Чем меньше ребенок, тем более он нуждается в матери, взрослом или старшем. И мы в семье никогда не боялись избаловать этим малыша. Если мамина работа позволяла что-то делать с малышом на руке, то она его держала; если надо было освободить вторую руку, то опускала его на пол и давала ему пустую кастрюльку, крышку, банку или другой объект исследований, и он несколько минут занимался самостоятельно. Не надо бояться приучить ребенка к рукам. Избаловать малыша можно, если все время развлекать его, принадлежа ему в качестве большой игрушки и не давая ему времени для самостоятельных занятий. Когда же есть старшие братья и сестры, то они берут его в свою компанию и даже включают в свои игры, придумав ему подходящую роль. А те, кто может уже носить его на руках, выполняют роль настоящих нянь — разговаривают с ним, показывают и называют предметы или спрашивают его: «Что это?», «Где лампа?», «Кто это лает во дворе?» Или вместе с малышом, доставая посуду к обеду, сопровождают словами свои действия: «Давай достанем вилки и положим на стол», «Ты держи чайные ложки, а я возьму столовые».
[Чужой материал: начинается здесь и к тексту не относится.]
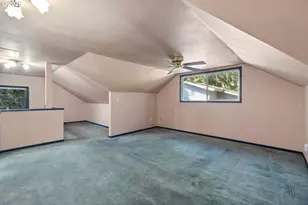 225 W Arlington St, Gladstone, OR 97027 - Photo 29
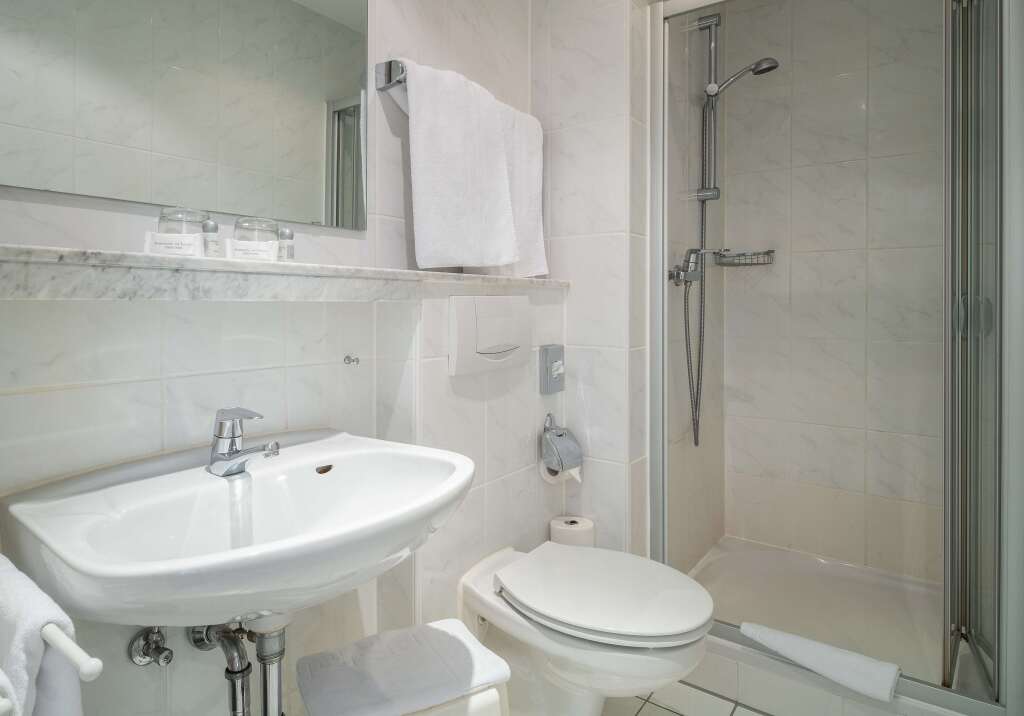 Image 10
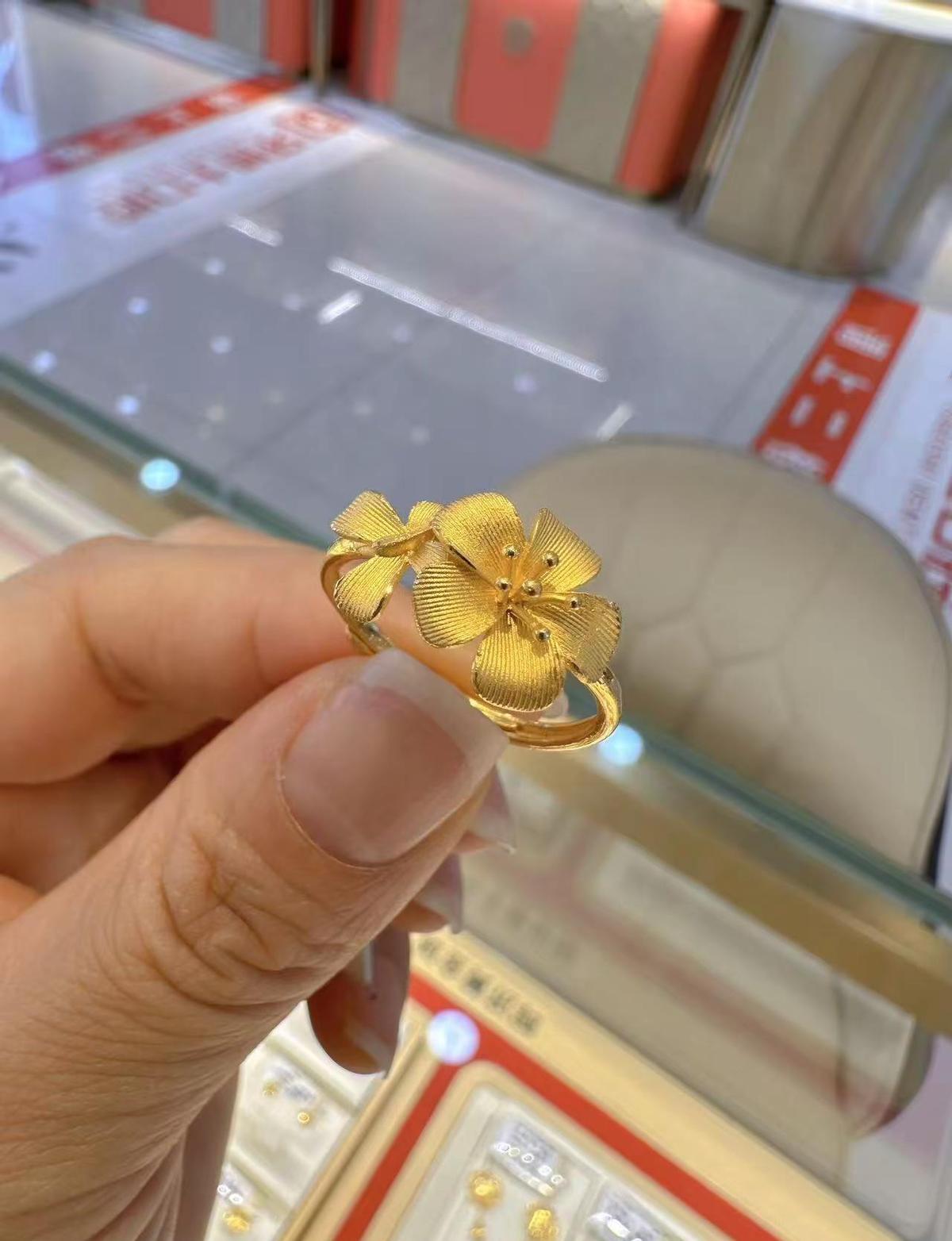 戒指不重，心事很满。
0.8克黄金，戴在指尖不压手，藏在口袋不心疼。
辉济黄金城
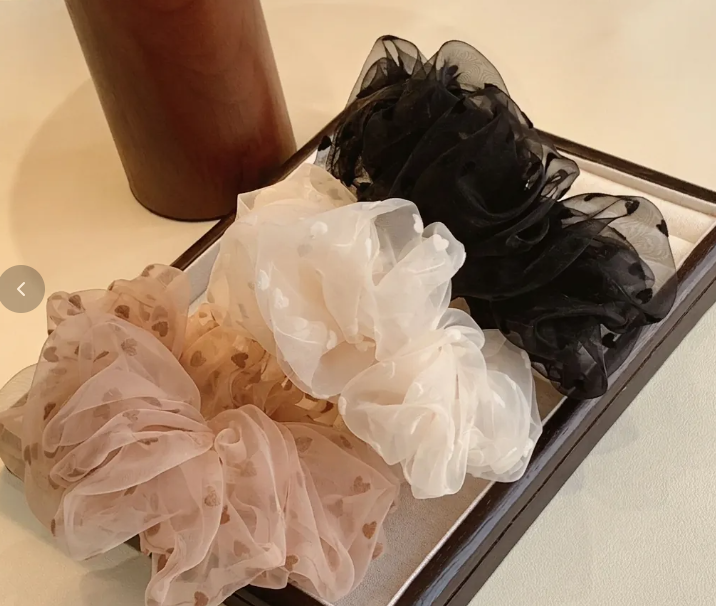 Chouchou en Organza à Cœurs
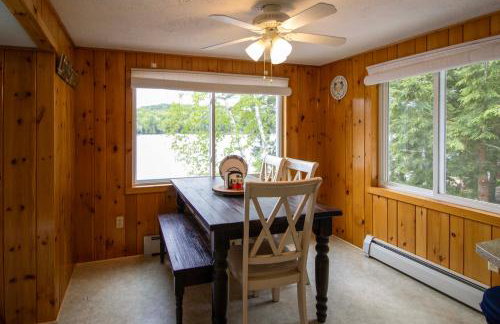 Lakefront Home with Seasonal Dock in Limerick! - Foto 8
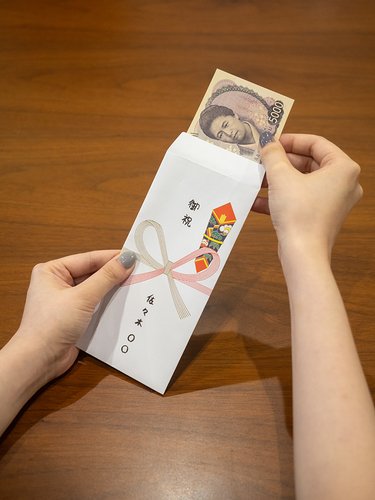 【爆笑】ワイさん「封筒には千円、五千円、一万円どれかが入ってる、一回の質問で当ててください」ｗｗｗｗｗｗｗｗｗｗ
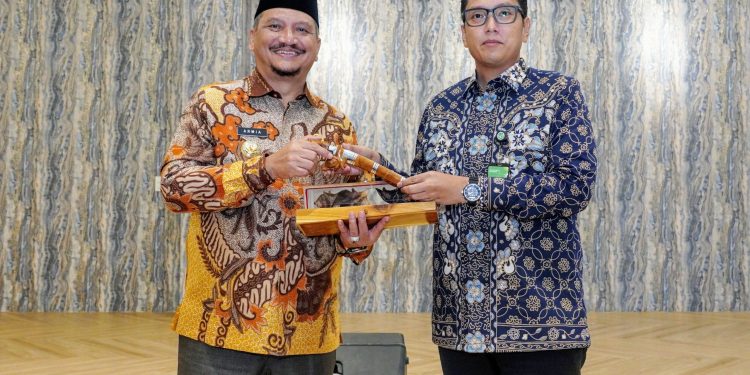 Sama-Sama Terluka karena Banjir, Ketulusan Wali Kota Medan Luluhkan Hati Bupati Aceh Tamiang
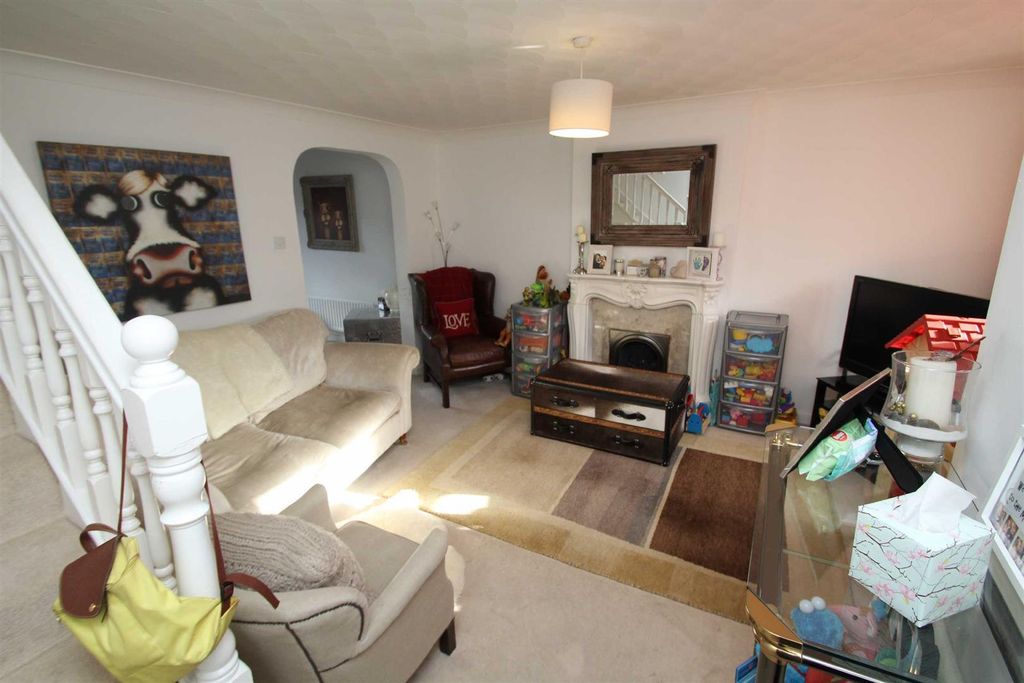 Property photo 2 of 9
Маленькие няньки в чем-то развивают малыша лучше, чем мы, взрослые, так как легче понимают его и находят с ним общий язык в играх и делах. Поэтому, наверное, матери и отцу легче с двумя-тремя ребятишками в семье, чем с одним.
Когда у нас появилась в семье внучка, то ее одиннадцатилетняя тетя и тринадцатилетний дядя так много с нею возились и играли, что первым произнесенным малышкой словом было не «мама», не «папа» и не «баба», а «дядя». Не менее полезно это оказалось и для тети с дядей — они учились обращаться с малышом. Где теперь могут пройти такую школу старшие школьники?
Мама у нас любит почитать детям на сон грядущий добрую сказку, а малышу — спеть колыбельную песенку. Это тоже очень важно. Нам как-то рассказали, что в Дагестане, слыша о плохом человеке, говорят: «Ему мать не пела колыбельных песен». Колыбельная песенка делает сердце ребенка мягче, к тому же развивает его слух и голос, особенно тогда, когда малыш сам старается подпевать.
У троих старших наших детей не развился музыкальный слух. Мы считали, что слух и голос передаются по наследству, что если мама любит петь, а я могу настроить балалайку или гитару, значит, и дети будут музыкальны. Оказалось, нет, это зависит от того, подпевают ли дети маме или нет, слушают ли музыку и слышат ли ее. А потом заметили, как внимательно смотрела на поющую маму наша четвертая дочурка, лежавшая у нее на руках, открывала ротик и пробовала тянуть: «А… а… а…»
С той поры и мама старалась так «петь» вместе. И у всех младших музыкальный слух развился, а некоторые из ребят сами освоили нотную грамоту и пробуют играть на пианино — слушать их игру нам всегда приятно.
Мы стараемся, чтобы ребенок постоянно видел мать или отца или хотя бы слышал их, — он тогда может спокойно играть сам и подолгу. Впечатление такое, как будто малыш должен быть всегда связан со своей главной опорой и защитой, и если не прямым видением, то хотя бы звуковой связью. Особенно остра эта потребность у ребенка, если у него нет старших братьев или сестер и он растет один.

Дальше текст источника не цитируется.